Conference: ACL 2025
arXiv: 2406.16508
Code: Based on Megatron-LM / SentencePiece
Area: LLM Pretraining / Tokenization
Keywords: Vocabulary size, subword, pretraining, continual training, embedding replacement, monolingual LLMs

TL;DR

Experiments demonstrate that larger subword vocabulary sizes consistently improve LLM performance on downstream tasks. This work also proposes a simple vocabulary replacement method (Swap & Insert) for switching to a more appropriate vocabulary in continual training scenarios.

Background & Motivation

  • Problem Definition: When building an LLM, how does the subword vocabulary size affect model performance? Is the current mainstream choice (30k-60k) truly optimal?
  • Limitations of Prior Work: From BERT to GPT and Llama, vocabulary sizes of 30k-60k have become "magic numbers" with almost no papers justifying their choice. Although some studies discuss the benefits of larger vocabularies on inference efficiency (e.g., Falcon), a systematic study of their impact on downstream task quality is still lacking.
  • Core Motivation: (1) A larger vocabulary means each token carries more information, allowing the same text to be represented with fewer tokens. Does this enable the model to learn better representations? (2) In continual training scenarios (such as adapting an English LLM to Japanese), can performance be improved by replacing the vocabulary?
  • Key Challenge: A larger vocabulary increases the parameter size of the embedding and output layers. This requires a fair comparison under two settings: fixed token count and fixed epoch count. Furthermore, replacing the vocabulary during continual training requires addressing the initialization of the embedding matrix.

Method

Overall Architecture

The study is divided into two parts: (1) Pretraining from scratch—training 680M parameter GPT-3 Large models on English and Japanese with vocabulary sizes of 5k/10k/50k/100k/500k, respectively; (2) Continual training—switching vocabularies based on Llama2-7B for Japanese continual training.

Key Designs

  1. Fair Experimental Design: Since different vocabulary sizes yield different numbers of tokens (e.g., an English 5k vocabulary generates 830B tokens while 500k generates 640B), two training configurations are designed—fixed 1T tokens and fixed 1 epoch—to ensure fairness without favoring either large or small vocabularies.
  2. Swap & Insert Vocabulary Replacement: For continual training, a new target language vocabulary \(V_{new}\) is constructed independently. A new embedding matrix is built from the original embedding matrix \(E_{orig}\): \(E_{new} = \frac{W \cdot E_{orig}}{\sqrt{|V_{orig}|}}\), where \(W\) is a standard normal random matrix. The Insert strategy further retains the pretrained embeddings of subwords in the intersection of the original and new vocabularies to inherit existing knowledge.
  3. Scaled Embed for Stable Training: Scaled embed technology (Takase et al., 2024) is used to maintain training stability when training with large vocabularies.

Loss & Training

Standard autoregressive language modeling negative log-likelihood loss (next-token prediction).

Key Experimental Results

Main Results I: English Pretraining from Scratch

Vocabulary Size PIQA OBQA HellaSwag WinoGrande ARC-e ARC-c Average
5k (1T tokens) 69.9 33.2 51.0 55.2 49.6 27.7 47.8
10k 71.2 33.4 51.5 55.2 50.6 27.1 48.2 (+0.4)
50k 71.7 32.8 53.9 54.5 50.8 27.7 48.6 (+0.8)
100k 70.9 33.4 53.9 54.8 54.3 27.7 49.2 (+1.4)
500k 71.4 34.0 55.3 57.5 55.1 28.3 50.3 (+2.5)

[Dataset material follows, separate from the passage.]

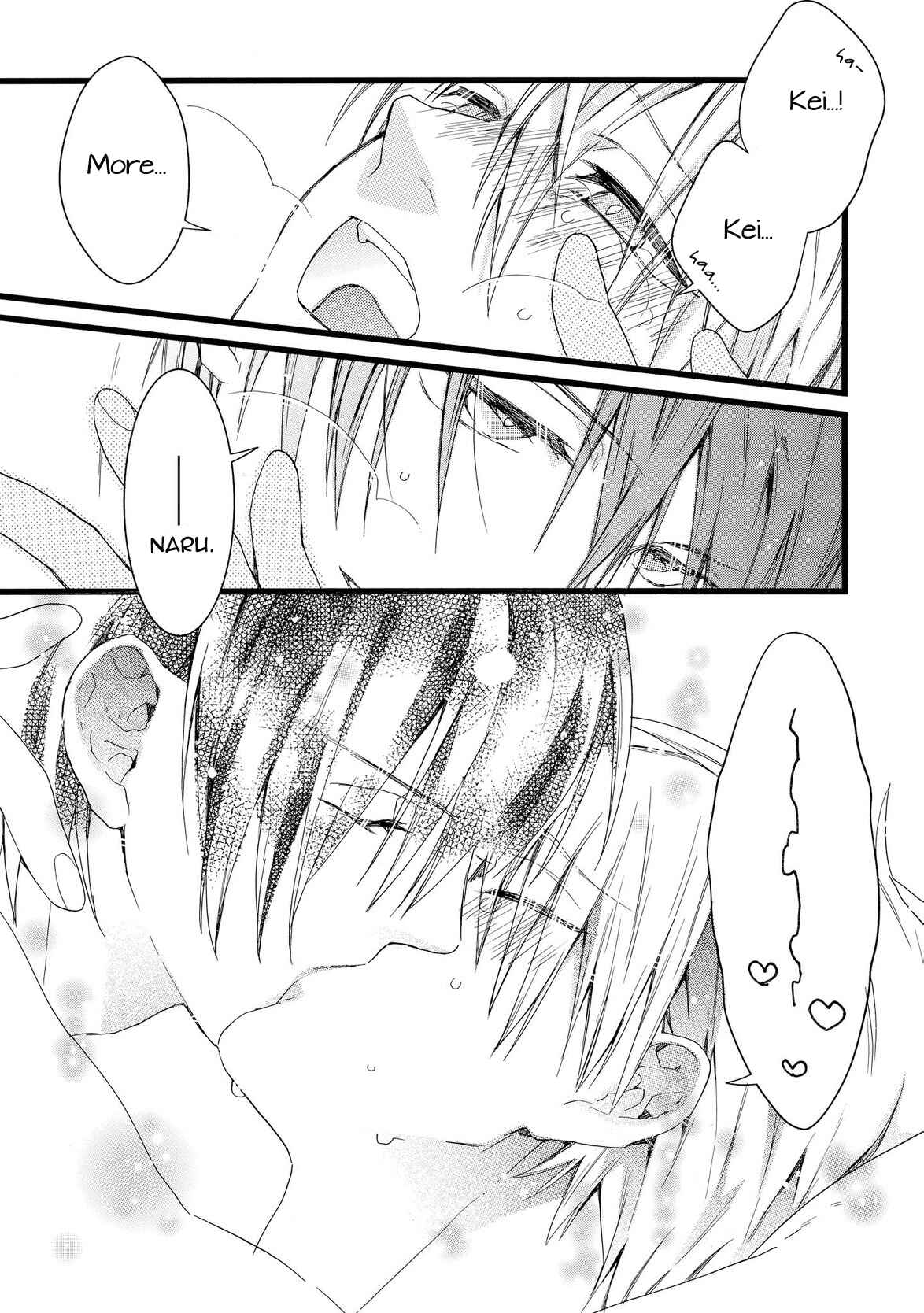 Page 22 Chapter 5 Akuma-chan wa Momoiro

Expanding the vocabulary size from 5k to 500k yields a gain of +2.5 points in the average score of English commonsense reasoning tasks.

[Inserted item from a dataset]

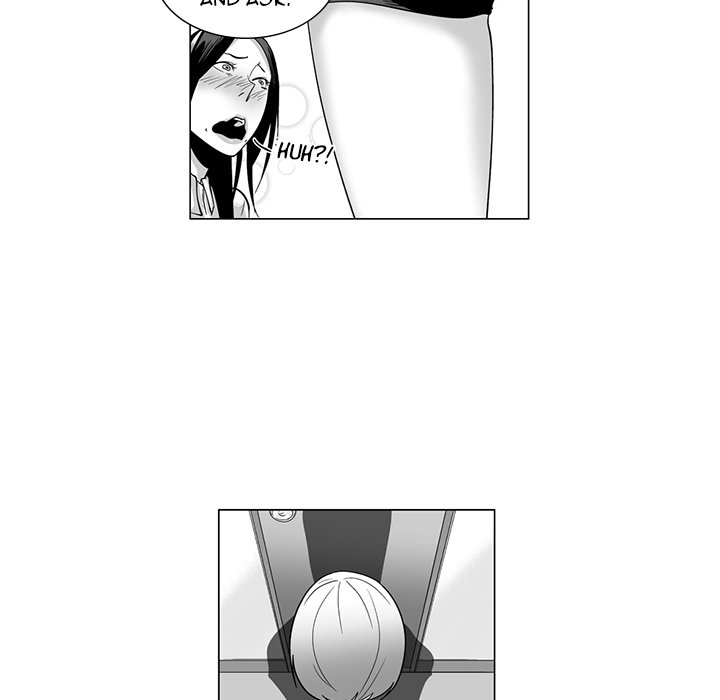 The Strange Lady In Our Town Chapter 7 - Page 47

Main Results II: Japanese Pretraining from Scratch

Vocabulary Size JSQuAD JCQA XWinograd JAQKET Average
5k (1T tokens) 58.1 68.1 58.9 12.5 49.4
100k 62.1 71.9 59.6 34.9 57.1 (+7.7)
500k 64.5 71.6 59.3 38.9 58.6 (+9.2)

The improvement for Japanese is even more significant (+9.2), especially on the JAQKET task (which requires answer generation), rising from 12.5 to 38.9.

Ablation Study: Vocabulary Replacement in Continual Training (Llama2 → Japanese)

Method JSQuAD JCQA XWinograd JAQKET Average
Llama2 Original Vocabulary (32k) 80.7 79.4 72.6 47.7 70.1 (+17.7)
Swap (100k, Random Initialization) 79.2 80.2 67.5 56.3 70.8 (+18.4)
Swap & Insert (100k) 81.9 80.2 69.2 61.2 73.1 (+20.7)
Fujii et al. (2024) Method 81.6 77.6 69.1 61.1 72.4 (+20.0)

Even a randomly initialized new embedding (Swap) can outperform the original vocabulary. Adding the Insert strategy provides further improvements, surpassing prior specialized methods.

Key Findings

  • Consistent Improvement with Large Vocabulary: Whether for English or Japanese, and under either a fixed token count or a fixed epoch count, large vocabularies consistently deliver better performance.
  • Generation Tasks Benefit the Most: Japanese JAQKET (Q&A without candidate answers) shows the largest improvement from 12.5 to 38.9, indicating that large vocabularies are particularly beneficial for generation capabilities.
  • Improved Training Efficiency: With a larger vocabulary, the same text requires fewer tokens, reducing GPU computation time by approximately 30% (Japanese 100k vs 5k).
  • Feasibility of Vocabulary Replacement in Continual Training: Even with a completely new vocabulary and randomly initialized embeddings, the model can still converge after continual training and outperform the original vocabulary.

Highlights & Insights

  • This is the first systematic study of the effect of vocabulary size on LLM downstream task performance, filling a long-standing empirical gap.
  • Rigorous experimental design: Fair comparisons are ensured by controlling both token count and epoch count.
  • The proposed Swap & Insert method is extremely simple yet effective, providing a practical vocabulary replacement scheme for cross-lingual continual training.
  • The finding that a larger vocabulary improves both performance and training efficiency is a win-win conclusion with broad practical significance.

Limitations & Future Work

  • The method is only validated on English and Japanese; although it does not depend on language-specific features, multilingual generalization experiments are lacking.
  • The model scale is limited (only 680M for pretraining from scratch, and 7B for continual training). The conclusions might differ on larger models (10B+).
  • The vocabulary size is scaled up to 500k, making it impossible to observe the trends and upper bounds for more extreme sizes (e.g., 1M+).
  • Large vocabularies increase the computational overhead of the output layer, requiring optimization techniques such as adaptive softmax for practical applications.
  • Vocabulary Construction: BPE (Sennrich et al., 2016) and Unigram (Kudo, 2018) are the two mainstream tokenization algorithms. BERT used 30k and GPT used 40k, with almost no explanation ever provided.
  • Studies on Vocabulary Size: Kiyono et al. (2020) studied the relationship between vocabulary size and performance, but only up to 32k. Ali et al. (2024) conducted a broader analysis but concluded that the "impact is negligible", which contradicts the findings of this paper.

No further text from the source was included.